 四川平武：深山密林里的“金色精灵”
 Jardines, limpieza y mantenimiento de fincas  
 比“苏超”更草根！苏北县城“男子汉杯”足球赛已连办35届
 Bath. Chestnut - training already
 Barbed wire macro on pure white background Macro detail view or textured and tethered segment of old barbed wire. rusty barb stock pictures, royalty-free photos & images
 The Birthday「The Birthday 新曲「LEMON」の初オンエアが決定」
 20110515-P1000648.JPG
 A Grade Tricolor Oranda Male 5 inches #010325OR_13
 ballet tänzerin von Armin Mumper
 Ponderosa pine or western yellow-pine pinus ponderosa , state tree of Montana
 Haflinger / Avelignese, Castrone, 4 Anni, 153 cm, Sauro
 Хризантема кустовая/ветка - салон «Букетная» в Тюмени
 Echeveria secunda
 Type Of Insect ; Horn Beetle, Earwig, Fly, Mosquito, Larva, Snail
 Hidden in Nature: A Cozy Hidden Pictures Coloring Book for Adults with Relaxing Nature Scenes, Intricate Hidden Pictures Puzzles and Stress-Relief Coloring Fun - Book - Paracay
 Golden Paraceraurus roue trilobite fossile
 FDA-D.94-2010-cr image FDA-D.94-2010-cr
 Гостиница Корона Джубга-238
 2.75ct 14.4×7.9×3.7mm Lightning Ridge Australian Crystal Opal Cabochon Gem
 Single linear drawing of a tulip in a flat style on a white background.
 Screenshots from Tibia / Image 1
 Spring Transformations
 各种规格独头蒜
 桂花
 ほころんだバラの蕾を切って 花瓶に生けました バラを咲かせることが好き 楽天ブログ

━━━━━━━━━━

**Task prompt**
All of the entries above must be quoted exactly.

**Written response**
 四川平武：深山密林里的“金色精灵”
 Jardines, limpieza y mantenimiento de fincas  
 比“苏超”更草根！苏北县城“男子汉杯”足球赛已连办35届
 Bath. Chestnut - training already
 Barbed wire macro on pure white background Macro detail view or textured and tethered segment of old barbed wire. rusty barb stock pictures, royalty-free photos & images
 The Birthday「The Birthday 新曲「LEMON」の初オンエアが決定」
 20110515-P1000648.JPG
 A Grade Tricolor Oranda Male 5 inches #010325OR_13
 ballet tänzerin von Armin Mumper
 Ponderosa pine or western yellow-pine pinus ponderosa , state tree of Montana
 Haflinger / Avelignese, Castrone, 4 Anni, 153 cm, Sauro
 Хризантема кустовая/ветка - салон «Букетная» в Тюмени
 Echeveria secunda
 Type Of Insect ; Horn Beetle, Earwig, Fly, Mosquito, Larva, Snail
 Hidden in Nature: A Cozy Hidden Pictures Coloring Book for Adults with Relaxing Nature Scenes, Intricate Hidden Pictures Puzzles and Stress-Relief Coloring Fun - Book - Paracay
 Golden Paraceraurus roue trilobite fossile
 FDA-D.94-2010-cr image FDA-D.94-2010-cr
 Гостиница Корона Джубга-238
 2.75ct 14.4×7.9×3.7mm Lightning Ridge Australian Crystal Opal Cabochon Gem
 Single linear drawing of a tulip in a flat style on a white background.
 Screenshots from Tibia / Image 1
 Spring Transformations
 各种规格独头蒜
 桂花
 ほころんだバラの蕾を切って 花瓶に生けました バラを咲かせることが好き 楽天ブログ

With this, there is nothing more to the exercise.